Transforming the data to match the word file

I suspect each application of this approach may vary so this method is tailored for the file I'm using. It is possible your attempt creates something identical, if that’s the case then the following should work for you too

To transform the data we need to do the following

  • Create a column that groups each data point into a row
  • Create a column that groups each data point into a column
  • Pivot the data so it is displayed in columns and rows
  • Tidy up any headers/helper columns so we're left with just the data we need

Column to group each data point into rows

The first 6 items in the above list are the items in the first row with the next 6 items in the next row. We need to have something in an adjacent column that can be used to group these items accordingly

First we'll add a new index column from 0 using the following ribbon option

Next we'll select the 'Index' column and then divide it by 6 using the 'Standard -> divide' options in the 'Transform' ribbon. Note these options are also in the 'new column' ribbon but we want to transform an existing column (not add a new column) so we use the ones in the 'transform' ribbon.

Next we'll use the 'round down' option in the same ribbon under 'rounding'

Now we have a column, that identifies the row number of the datapoint which matches the table in the word file. The last step is to rename the column to 'RowID'

Column to group each data point into columns

Now we have a column to identify the 

Add another index column from zero

Next we'll add another column that multiplies the RowID column by 6


Next we'll need to select both the new index and the Multiplication columns and then in the 'add column' ribbon, select 'Standard, Subtract' which will create a new column which will contain the column number

Rename the 'Subtraction' column to 'ColumnID'

Lastly delete the 'index' and 'multiplication columns


Pivot the data so its displayed in columns and rows

Now we have 3 columns, one with the data to display in each cell, another with the RowID and the third with the ColumnID we can pivot the data into a table.

Rename column 't', 'Values'. This isn't strictly part of the process but it'll make sense after the next step.

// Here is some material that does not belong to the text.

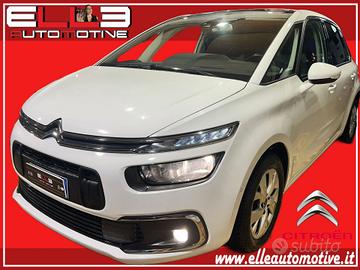 Citroen C4 SpaceTourer 1.5 HDI 130 CV 11/2020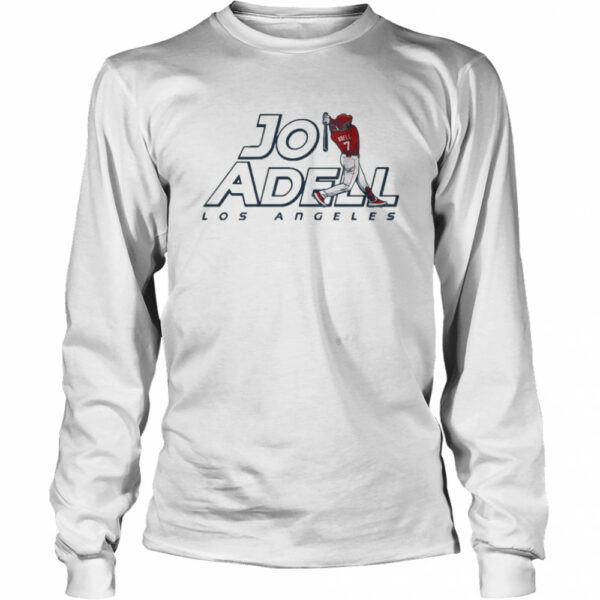 2021 Los Angeles Jo Adell shirt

Select 'ColumnID' and then click 'Pivot Column' which is located in the 'Transform' ribbon

Note, when pivoting data, Its useful to remember the selected column is the one that will become the column headers. 

This will present the following selection

As you can see there is a single drop down option which is titled 'Values Column', we want to have the column where the information to be displayed in each cell is located, in this instance the 'Values' column (see what I did there!)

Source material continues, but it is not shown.